Because you are trying to get rid of thousands of gallons of water and a 55 gallon barrel only holds 55 gallons and a 60' piece of 4" pipe only holds about 40 gallons. So that water needs to be spread out to dryer areas where it can percolate into the soil, or empty to the street. If you can get the end of the pipe low enough below the problem area you may want to look into a pop-up emitter for the end of the pipe so excess water can just flow out.


----------



## corneliani (Apr 2, 2019)

@LawnRat is right on. There's only so much capacity... and since your clay soil percolates slowly you don't want to go through all that work and still have soggy ground.. so create an exit path if your grade allows.
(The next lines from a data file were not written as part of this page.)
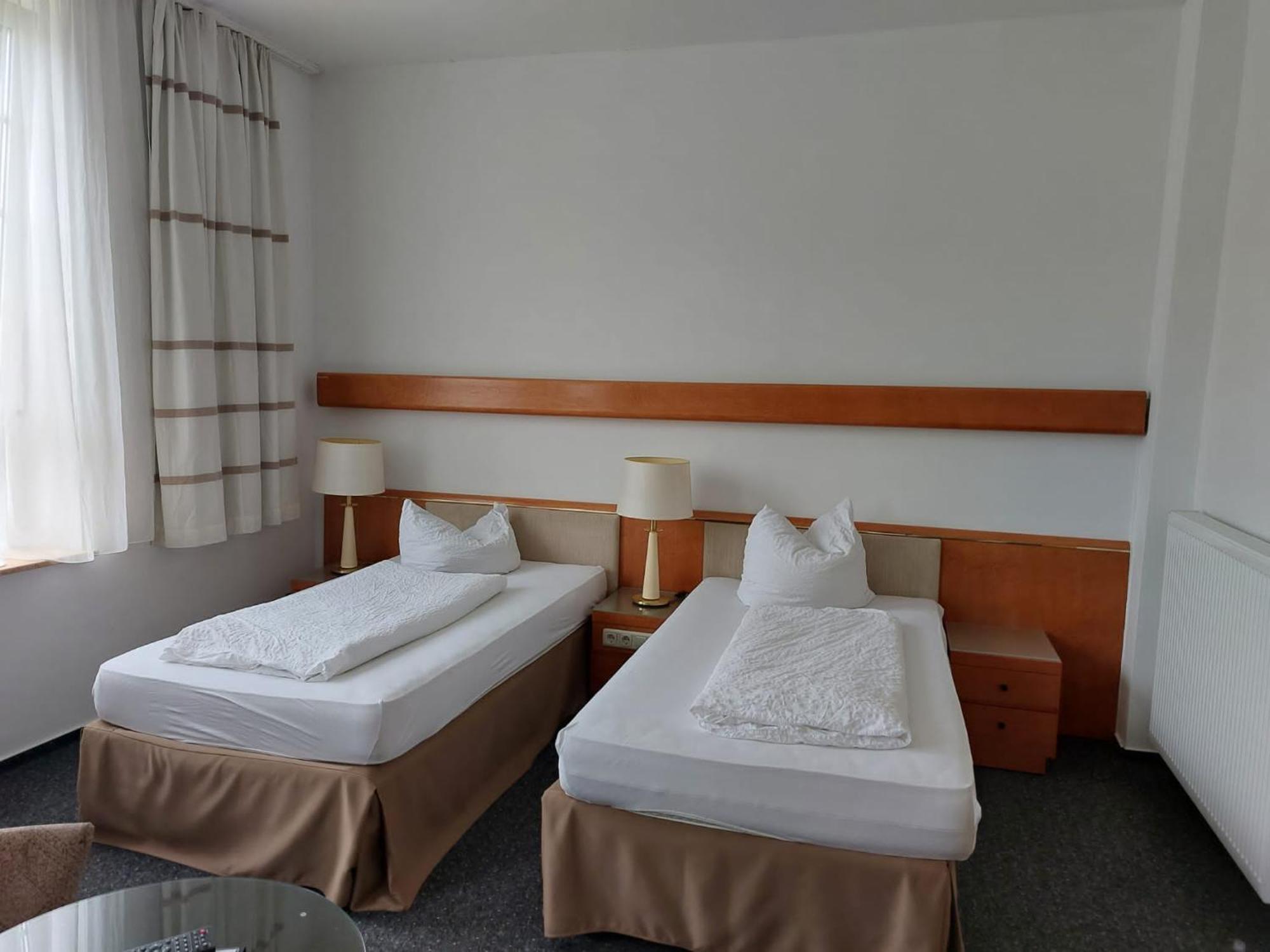 Gaestezimmer Gasthof Becker Otel Wulfrath Dış mekan fotoğraf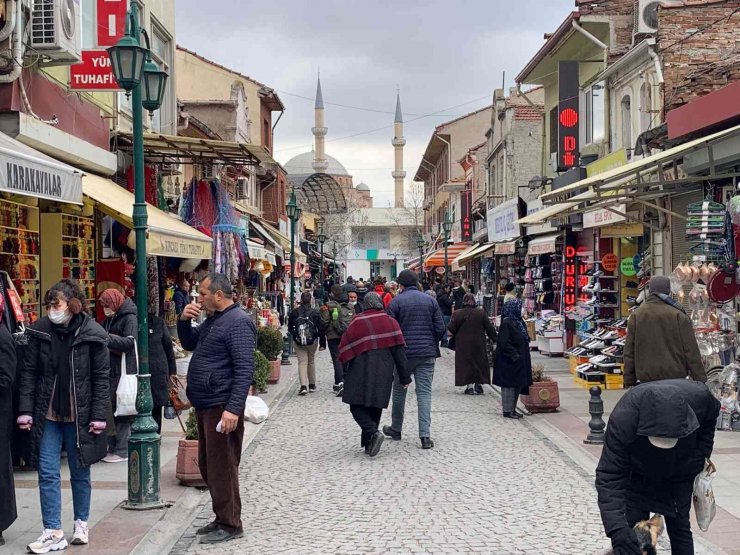 Ramazanın bereketi çarşıya yansımaya başladı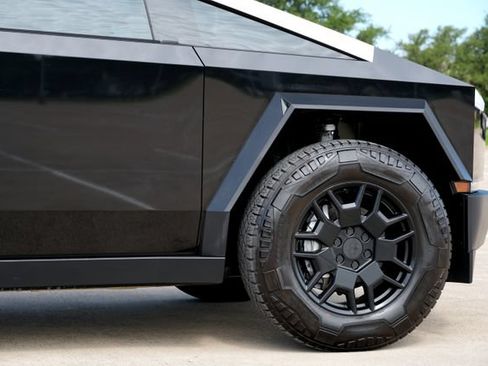 Used 2024 Tesla Cybertruck Cyberbeast AWD/4WD image 36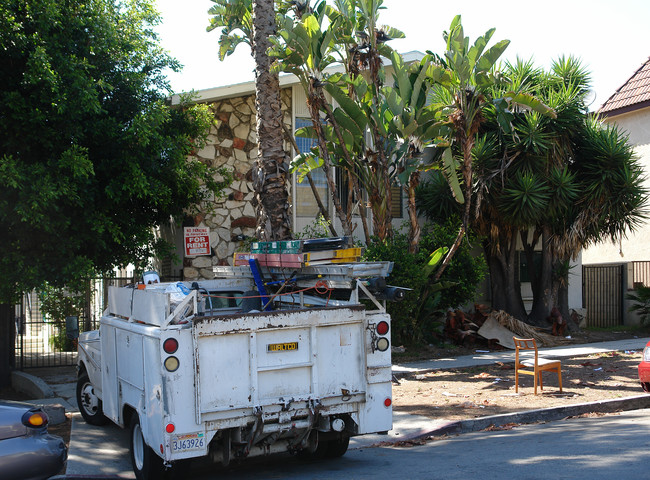 519 N Ardmore Ave in Los Angeles, CA - Foto de edificio - Building Photo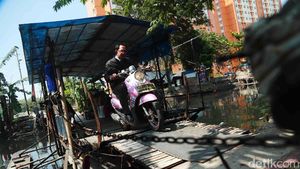Potong Kompas Dengan Perahu Eretan di Pademangan
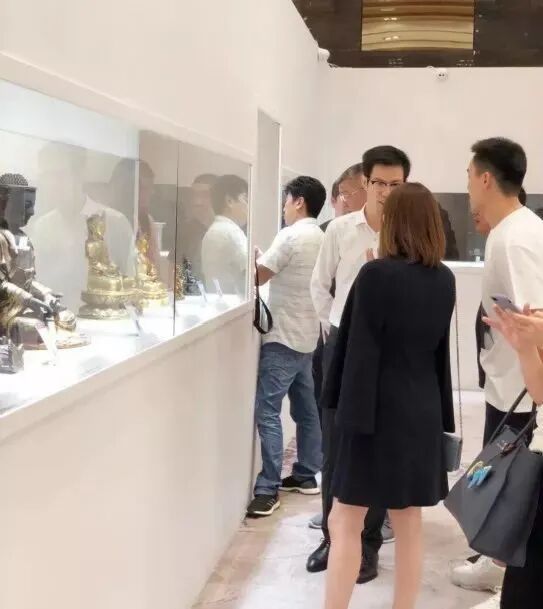 别看目前艺术品市场萎靡：未来10年将一步登顶 收藏资讯|艺术家|书画家|书画名人|书法家-中华收藏网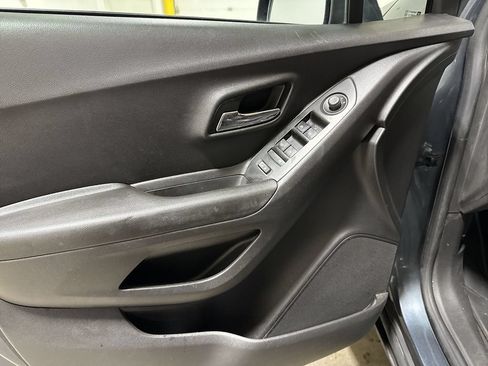 Used 2021 Chevrolet Trax LT FWD image 20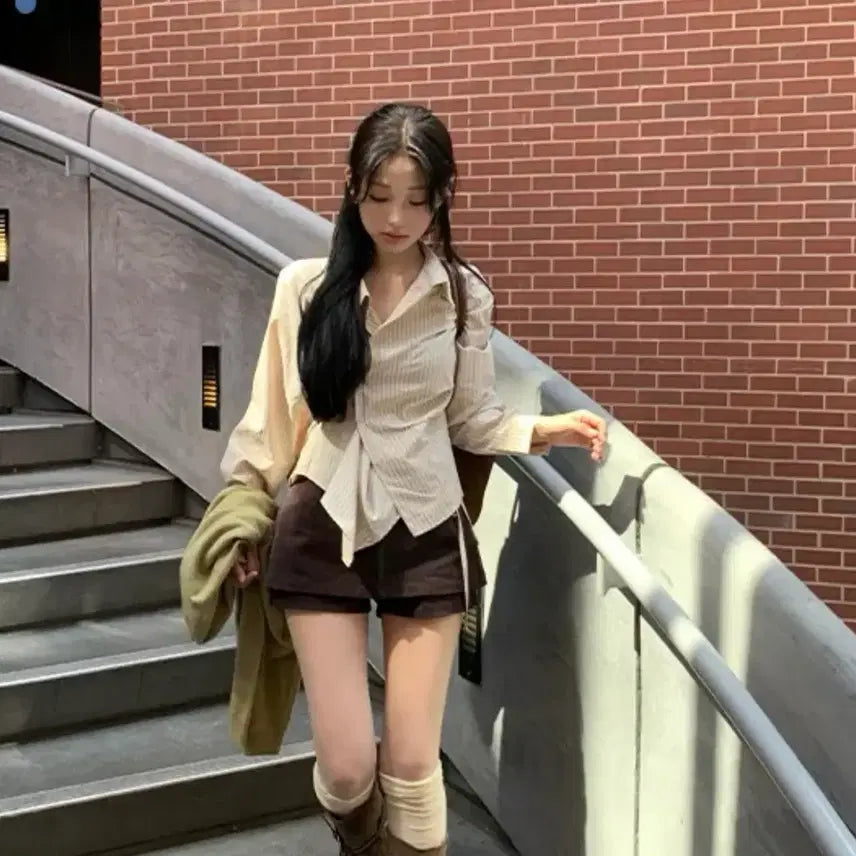 [BUNJANG] YOUNG&RICH Slim Fit Striped Shirt (Beige) / 영앤리치 여리슬림핏 셔츠 (beige)
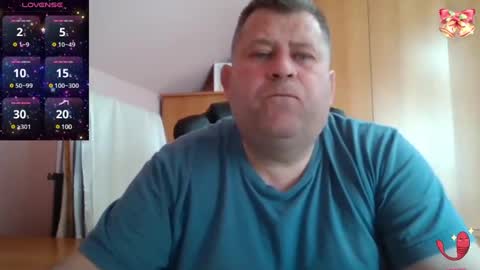 Snapshot of freeboy80180 chatting on 03.04.25 freeboy80180 online show from 03.04.25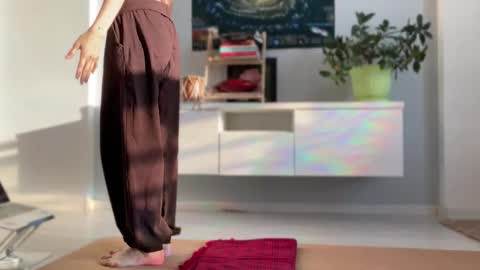 Snapshot of anntics_ chatting on September 17, 3:52 am N antics online show from September 17, 3:52 am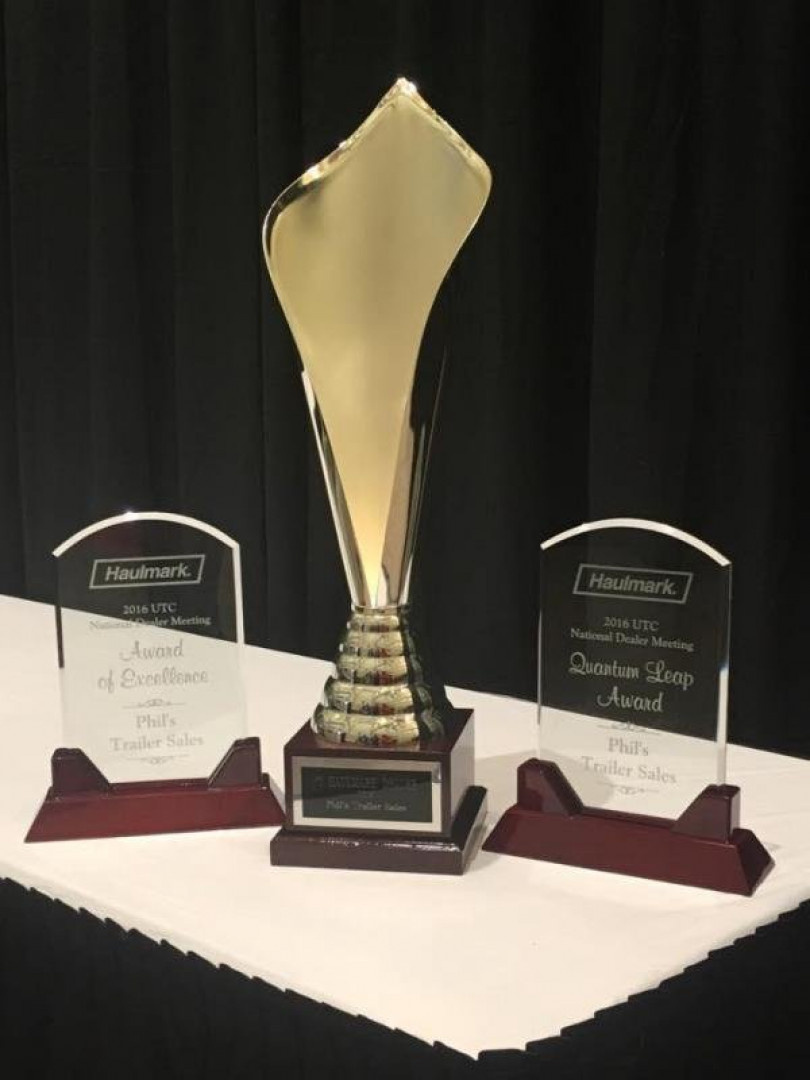 New Haulmark NEW 85X34 EDGE ENCLOSED RACE TRAILER ELECTRIC AWNING CAR RACE TRAILER CAR HAULER CARGO TRAILER Car / Racing Trailer DELIVERY OUT OF UATH!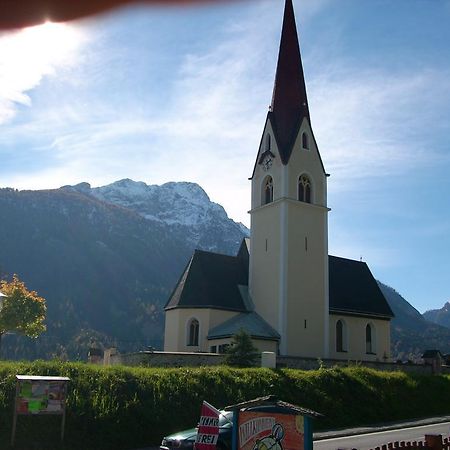 Gasthof Zum Loewen Sankt Jakob im Lesachtal Exteriör bild
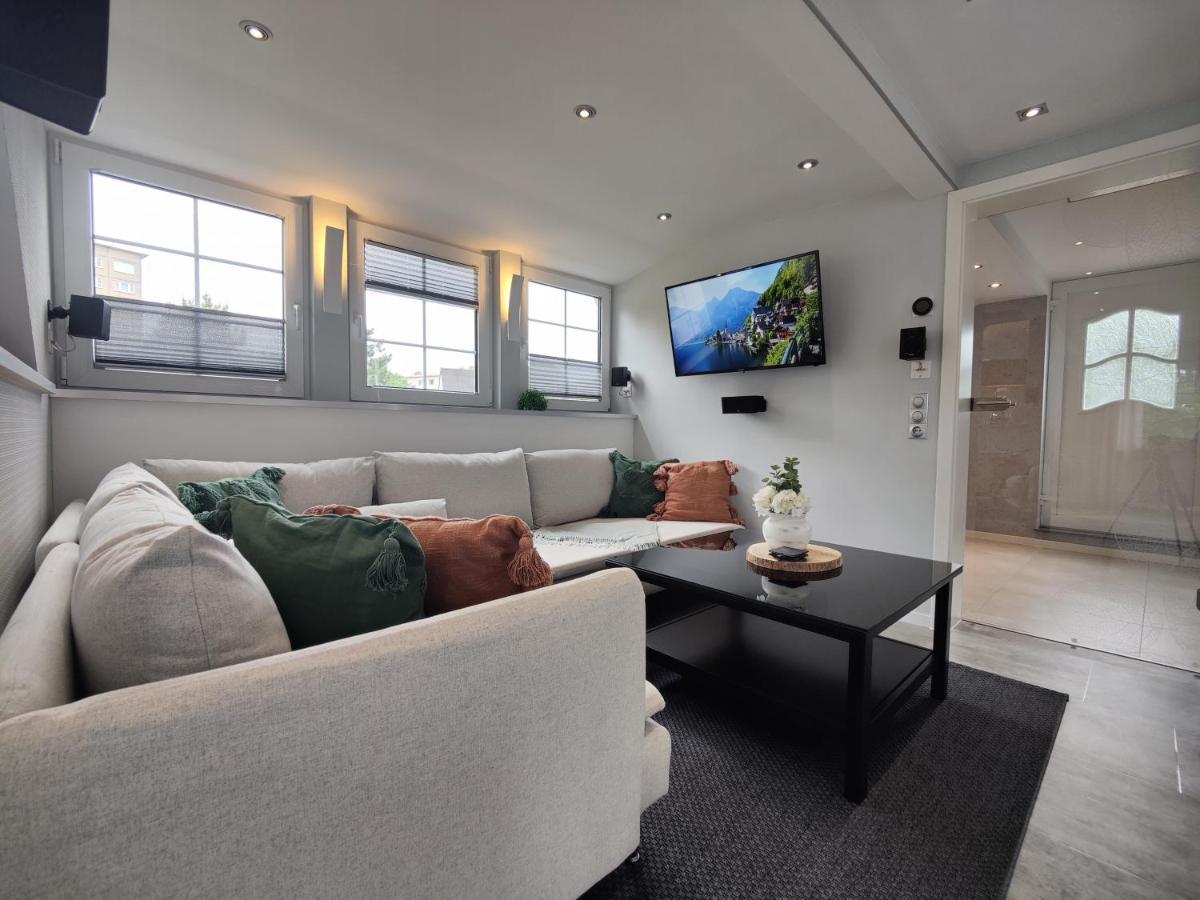 Ferienhaus Villa Adelsberg Mit Dachterrasse In Zentraler Lage Fuer Bis Zu 10 Personen เคมนิตซ์ ภายนอก รูปภาพ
Have you checked out these guys? https://www.ndspro.com/home-drainage


----------



## corneliani (Apr 2, 2019)

@flynavy812 - when we do this in areas that require stormwater management as part of a project we usually bring in an engineer to calculate the amount of water that can be expected to be pooled (from impervious surfaces such as concrete as well as roof/gutters) and we have to build an underground "dry well" that will hold that water for the amount of time necessary for the soil, based on soil geology, is expected to percolate. That's the pro way. You can simulate the same thing by either building a trench with a pipe (as you suggested) and / or additional dry-wells in areas where water adds up. Either way it's quite a task. Before you commit to it I highly recommend getting 2-3 estimates from landscapers. At the least you'll get information & recommendations just from going through the process. If you choose to then do it yourself at least you know what a pro would do.


----------



## LawnRat (Mar 22, 2019)

Also, if it takes a couple days for the surface water you see to dry it probably takes weeks for the groundwater 2' down to "dry" out. The 55 gallon drum flows both ways, so It will be half+ full of water for weeks after a heavy rain. So if it rains again it only has ~25 gallons of capacity left. Not to mention the mosquitos getting through the storm grate and laying eggs. This is why I've been suggesting a sump pump in a smaller basin for a temp solution...but your new plan is definitely the more correct way. Just much more money and labor.


----------



## flynavy812 (May 15, 2019)

@LawnRat Thanks for making sense of it. I guess the problem is I see the water that is pooled and it doesn't look like that much water. Looks like 40 gallons or so, but then again I am naive and had a hard time visualizing it all. I do have a foundation company coming out tomorrow for a quote. They specialize in grading/drains/etc so another opinion would be great. I'll compare my DIY materials to their out the door cost and make a decision, because if its not too big of a spread then screw it I'll let someone else do it.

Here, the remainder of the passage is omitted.